There is no good way to do this. You could walk the code flow starting at the EP using a disasm engine and trace into calls, then try to identify "custom" functions.

if you have access to the source, you could store pointers to the different functions. Even debuggin infos (.dbg, .pdb) would be enough,

What`s te difference between TitanEngine and TitaniumCore?

Link to comment

TitanEngine does not take care of binary analysis for you. What it does is help perform common tasks during debugging, unpacking and PE modification.

Using IDC or IDAPython is your best bet because you can use its analysis. Trying to reinvent the wheel will take hours and leaves you with something far less usable than what IDA provides.

If you still want to go ahead, you can try scanning for compiler-specific fillers between functions (as Mr. eXoDia suggested), but you're going to have a tough time finding all relevant variations (release vs debug build, different versions of the compiler, etc.).

And that still leaves you with the problem of having to seperate code from data (e.g. metadata in the Delphi code section).

There is academic research, but implementing that is likely more effort than you planned to put into it.

TitaniumCore is a whole different beast, it's meant to perform static format identification, reconstruction and unpacking, that includes anything from PE packers to stealth image files to malformed zip archives. Besides, unlike TitanEngine it's apparently not even available to public.

Link to comment

I wouldn't recomend using TitanEngine 2.0 for procedural analysis. The next version 3.0 which is due in Q2 this year with come with function analysis integrated and it is more suited for the task. However you might not even need that since its your program you want to know the function addresses of. That said you have a couple of simple options:

1) Export the functions you need to know the address of and parse the export table or use GetProcAddress

2) Create a map file while building the application, it has the addresses of all procedures

3) Create a pdb file which has every line of the code associated with the address in the file and use dbghelp to parse it

To answer the other question, TitanEngine is the framework to build PE tools and

is a powerfull static analysis platform that identifies, validates and decomposes file content while producing
about the input package. It is our commercial product which like TitanEngine comes with its SDK.

Best regards

Link to comment

thanks for the clarification, looking forward to v3.

anyways, how would you go about this right now?

scanning for function prologues (push ebp+..., ENTER,..) or epilogues (LEAVE, pop r32+retn, plain retn)?

From experience i can say that the ollydbg analysis feature depends on RETN instructions.
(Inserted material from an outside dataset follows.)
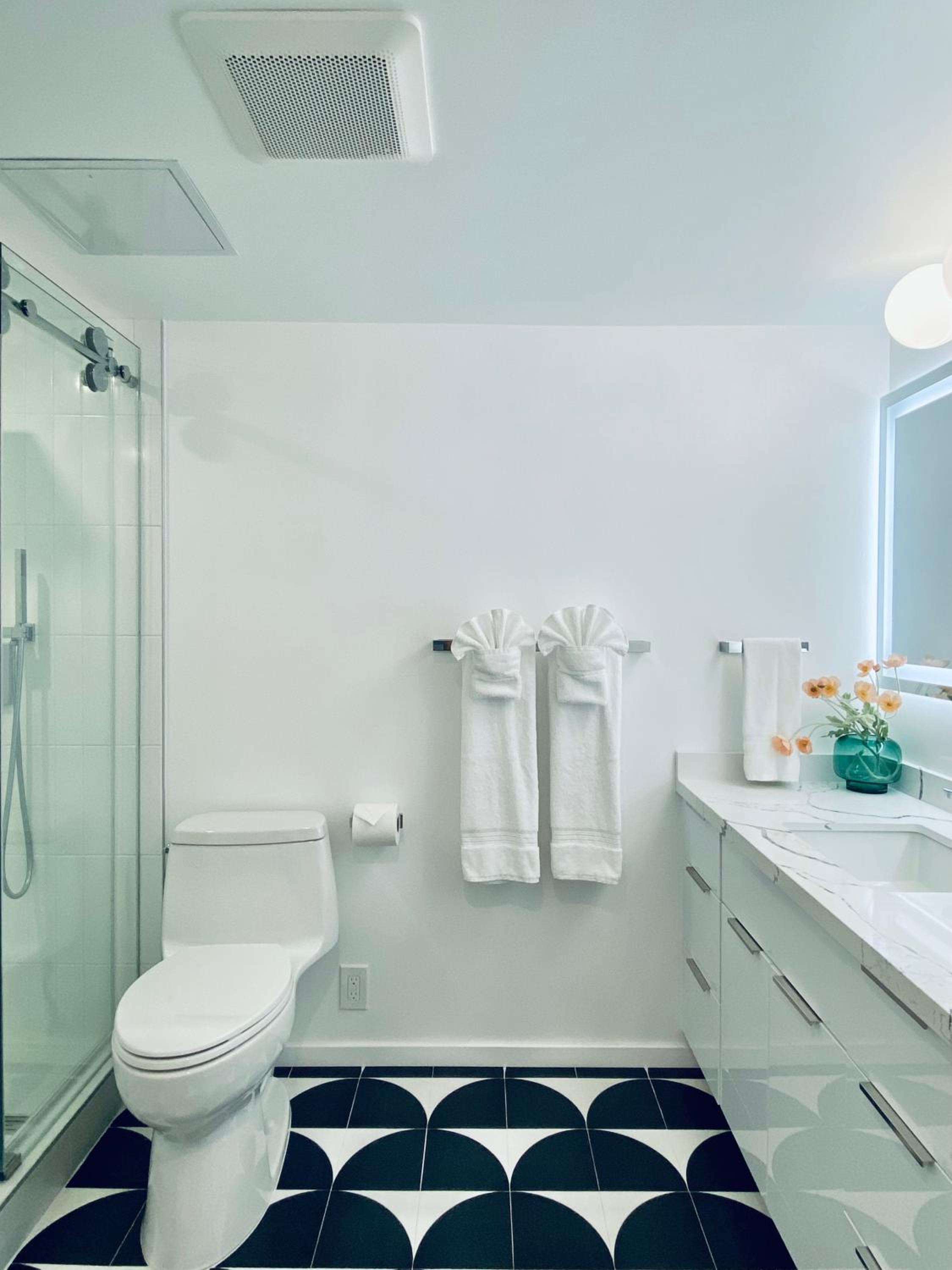 Panoramic Oceanview Resort - Full Kitchen in Each Unit, 2 Swimming Pools, Onsite Restaurants, Fireworks Every Friday: One-Bedroom Apartment - Oceanfront photo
I`m not too enthusiastic about looking for filling-space...

Link to comment

Olly does a really clever thing. It does a bruteforce disassembly of the code section looking for all possible calls inside that section. Once they are identified you have your function starting points from where you try to do a disassm and match a starting point with the return instruction. Additionally you can count the references to each function start to reduce the number of false positives. Pattern matching on function prologue can be done for those addresses that have only one reference. If available data such as import, exports and relocations can be taken into account while trying to differentiate code from data.

Best regards

Edited by ap0x
Link to comment

i am interested in this, because i tried to write a "function-finder" a while ago myself. (but then figured it`s easier to grab the data from an IDA generate .map file).

After processing symbols and walking "safe" functions (EP, exports, debug info) as suggested in my first post, i would also go for the bruteforce approach of check all 0xe8 occurrences, but i found it to be inefficient (although i have to admit the samples i tested it on were...limited wink.png ).

The main problem i had (and this is where i opted for the .map file) was to identify not directly referenced functions. This is especially the case with borland PE files, and i was mainly working with msvc and delphi files.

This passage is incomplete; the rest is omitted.